- Exercise
Write out, word for word, every line from the one containing "Pronájem bytu 2+1" through the last line of the records below, both ends included.

-------

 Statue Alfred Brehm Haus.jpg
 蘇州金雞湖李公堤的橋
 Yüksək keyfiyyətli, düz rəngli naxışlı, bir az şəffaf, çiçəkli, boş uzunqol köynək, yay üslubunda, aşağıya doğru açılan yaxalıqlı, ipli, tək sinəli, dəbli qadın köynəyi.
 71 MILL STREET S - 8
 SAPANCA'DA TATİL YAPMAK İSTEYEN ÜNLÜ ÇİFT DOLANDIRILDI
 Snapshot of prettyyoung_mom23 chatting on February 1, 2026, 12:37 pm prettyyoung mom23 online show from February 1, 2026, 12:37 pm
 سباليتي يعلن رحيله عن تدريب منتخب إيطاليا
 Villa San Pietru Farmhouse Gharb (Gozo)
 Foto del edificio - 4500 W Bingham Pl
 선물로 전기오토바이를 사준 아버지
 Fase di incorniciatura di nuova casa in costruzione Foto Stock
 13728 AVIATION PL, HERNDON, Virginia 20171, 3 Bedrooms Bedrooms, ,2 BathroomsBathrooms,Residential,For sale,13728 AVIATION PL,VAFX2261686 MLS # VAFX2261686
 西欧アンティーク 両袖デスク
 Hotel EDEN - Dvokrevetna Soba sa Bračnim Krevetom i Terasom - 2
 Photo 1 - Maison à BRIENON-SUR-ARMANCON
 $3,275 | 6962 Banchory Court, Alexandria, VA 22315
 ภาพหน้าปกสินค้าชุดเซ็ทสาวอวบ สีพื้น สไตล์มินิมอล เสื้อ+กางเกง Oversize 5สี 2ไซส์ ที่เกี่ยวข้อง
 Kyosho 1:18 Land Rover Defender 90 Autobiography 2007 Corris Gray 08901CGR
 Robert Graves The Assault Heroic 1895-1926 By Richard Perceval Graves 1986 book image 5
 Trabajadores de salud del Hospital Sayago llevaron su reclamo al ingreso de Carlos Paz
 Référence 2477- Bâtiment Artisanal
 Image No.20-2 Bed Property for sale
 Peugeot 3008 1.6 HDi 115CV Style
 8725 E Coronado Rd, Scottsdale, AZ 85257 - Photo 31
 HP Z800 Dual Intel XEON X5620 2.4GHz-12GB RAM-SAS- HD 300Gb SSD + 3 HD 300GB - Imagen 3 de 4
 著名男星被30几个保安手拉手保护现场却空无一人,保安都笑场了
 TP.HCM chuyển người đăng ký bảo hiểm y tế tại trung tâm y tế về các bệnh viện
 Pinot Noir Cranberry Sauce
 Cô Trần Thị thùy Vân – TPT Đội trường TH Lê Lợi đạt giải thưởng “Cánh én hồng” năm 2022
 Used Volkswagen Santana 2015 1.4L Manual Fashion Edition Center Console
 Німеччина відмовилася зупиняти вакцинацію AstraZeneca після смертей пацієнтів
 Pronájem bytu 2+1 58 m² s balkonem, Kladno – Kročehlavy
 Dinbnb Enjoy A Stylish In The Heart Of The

-------

- Solution below
 Pronájem bytu 2+1 58 m² s balkonem, Kladno – Kročehlavy
 Dinbnb Enjoy A Stylish In The Heart Of The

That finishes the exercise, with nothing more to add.